Work to be completed:
Print the listing below verbatim, passing over each picture.

Source material:
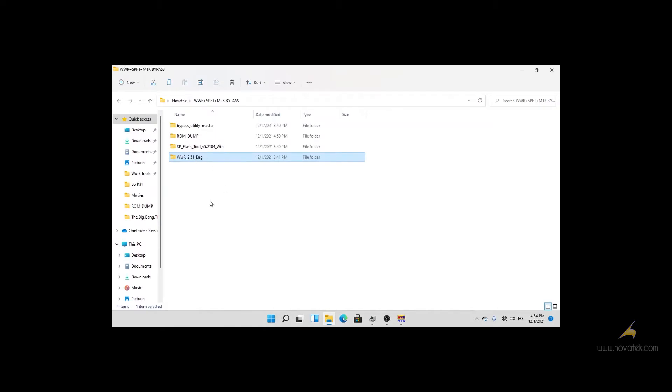First, we need to have our Vcom drivers installed. We need to know how to disable SecureBoot or bypass it. We have a guide for that and I will add the link.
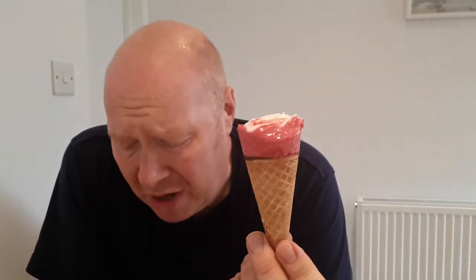Oh my word. That is tremendous. Nestlé - I don't know who ever designed these or made these up, but you really should give them a pat on the back. Because the salted caramel were lovely, and this is equally just as good. You cannot fault this.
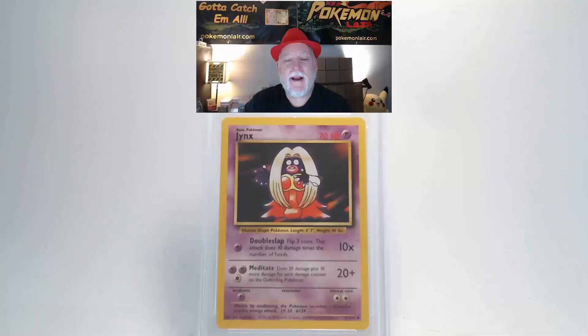Let's take a look at a 1999 Pokemon Game Base Jynx, the number 31 card. Looking at the front of this card, the surface is nice and clean — there's no dents, no damage, no dirt. Looking at our centering, it looks really good from top to bottom and left to right, and the corners look really good. On the edges, right at the top edge dead center, there is a nick or damage that I can see.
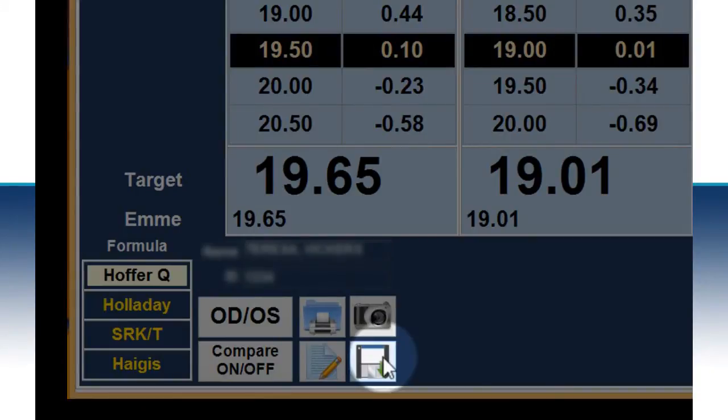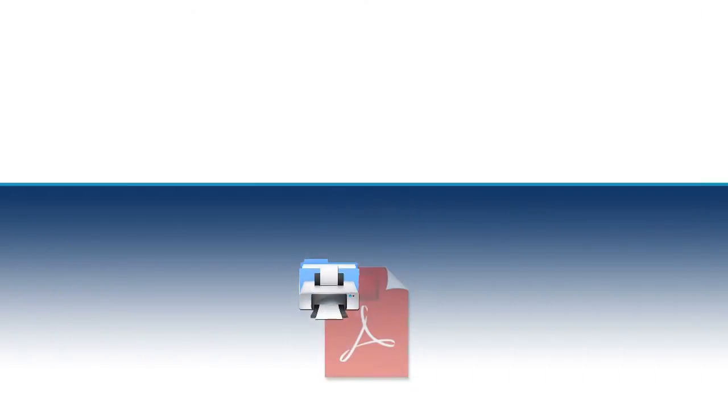If you do not click the save icon, you will lose your data. If desired, select the print icon to generate a PDF or send to a local printer.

Reply to the task:
First, we need to have our Vcom drivers installed. We need to know how to disable SecureBoot or bypass it. We have a guide for that and I will add the link.
Oh my word. That is tremendous. Nestlé - I don't know who ever designed these or made these up, but you really should give them a pat on the back. Because the salted caramel were lovely, and this is equally just as good. You cannot fault this.
Let's take a look at a 1999 Pokemon Game Base Jynx, the number 31 card. Looking at the front of this card, the surface is nice and clean — there's no dents, no damage, no dirt. Looking at our centering, it looks really good from top to bottom and left to right, and the corners look really good. On the edges, right at the top edge dead center, there is a nick or damage that I can see.
If you do not click the save icon, you will lose your data. If desired, select the print icon to generate a PDF or send to a local printer.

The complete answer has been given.